However, I will start with a brief synopsis of the story, just in case there are others out there who haven’t read it. The plot is fairly simple: it tells the story of Okonkwo. Born to an “ill-fated”, “lazy and improvident” man, he decided early in life that he would not be like his father. He becomes a powerful and respected “warrior” in his community, one known to be hardworking but who could also be cruel to his family or to anyone who showed weakness. He is determined to be a “man”, to never show a “female” side. Male-female dichotomies are, in fact, an underlying thread in the novel. Whenever things go wrong for him, his response is always aggressive: if you aren’t confronting a situation head on, you are a “woman”. This inflexibility, his unwillingness to waver from his tough-minded course, results in his downfall. He could be seen I think as a classic tragic hero, as the man who could have been great but for a tragic flaw, an inability to be flexible, an unwillingness to marry his two sides.

This idea of two parts is fundamental to how the novel is structured and how the themes are developed – and Achebe conveys it through dichotomies and parallels. There’s the male-female one, which Okonkwo battles within himself. “When did you become a shivering old woman” he asks himself regarding the distress he feels after engaging in a violent act. Later, he is surprised to hear of a husband who consulted his wife before doing anything:

 ‘I thought he was a strong man in his youth.’ ‘He was indeed,’ said Ofoedu. Okonkwo shook his head doubtfully.

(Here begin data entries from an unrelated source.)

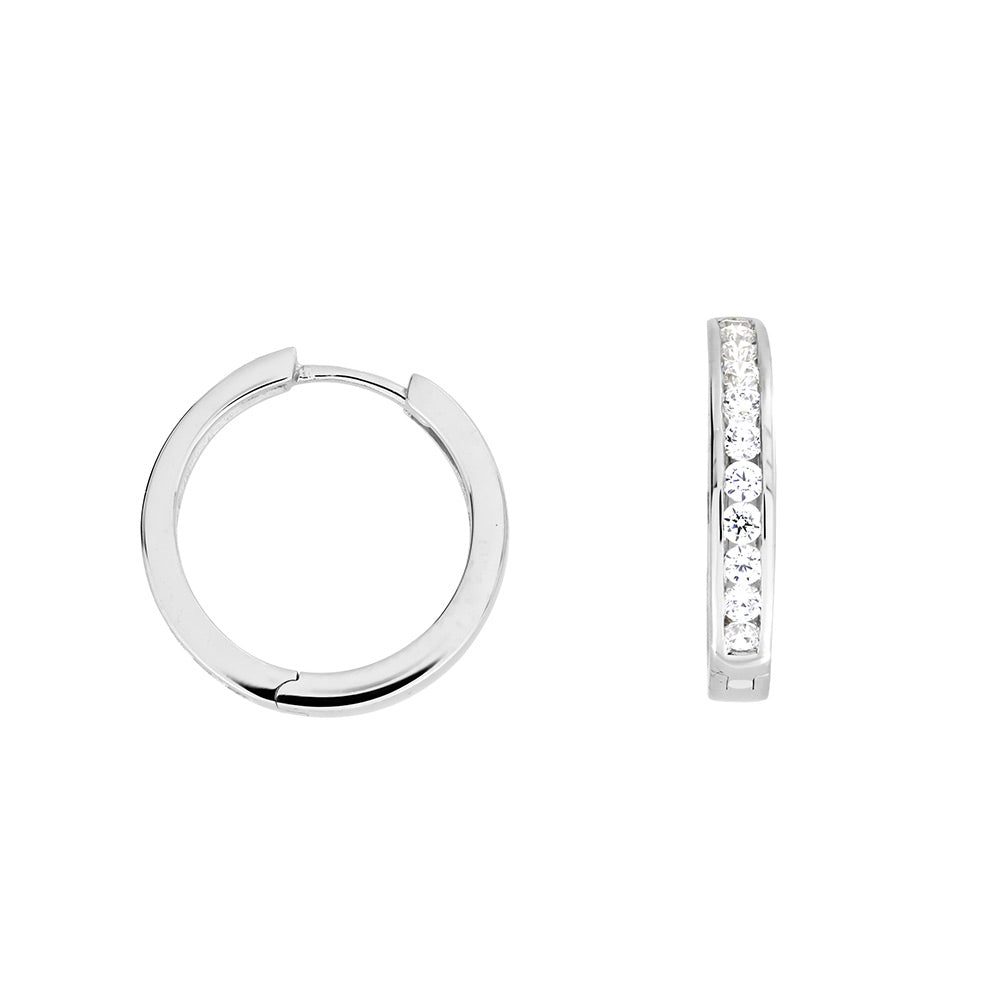 Medium-sized sterling silver hoop earrings featuring a row of sparkling stones set along the outer edge, combining classic elegance with contemporary British design.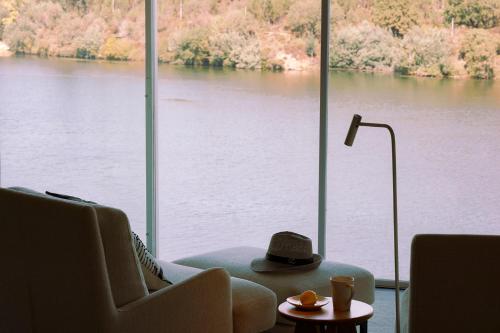 a living room with a view of a large window at Octant Douro in Castelo de Paiva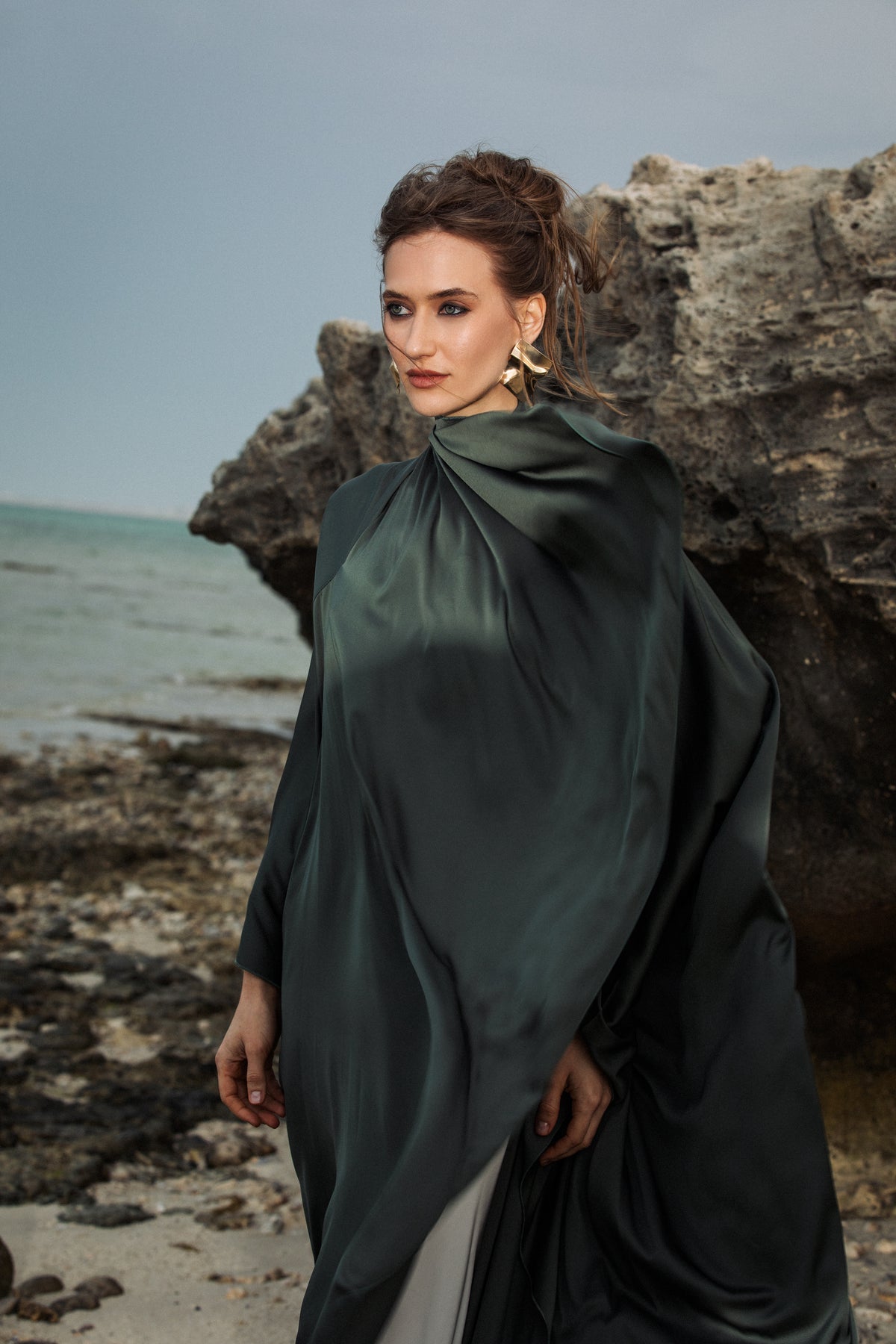 Omni The Label’s Flow Abaya in green worn near stone landscape, styled confidently – UAE, KSA, Qatar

But there are other dichotomies, and two, in particular, that I found interesting. One is between  Okonkwo and his friend Obierika. Both are respected men in the village, and both adhere to their traditions and conventions, but Okonkwo, who is “not a man of thought but of action” is so fearful of appearing weak he follows the “laws” rigidly. Obierika on the other hand is more thoughtful:

Obierika was a man who thought about things. When the will of the goddess had been done, he sat down in his obi and mourned his friend’s calamity. Why should a man suffer so grievously for an offence he had committed inadvertently? But although he thought for a long time he found no answer. He was merely led into greater complexities. He remembered his wife’s twin children, whom he had thrown away. What crime had they committed?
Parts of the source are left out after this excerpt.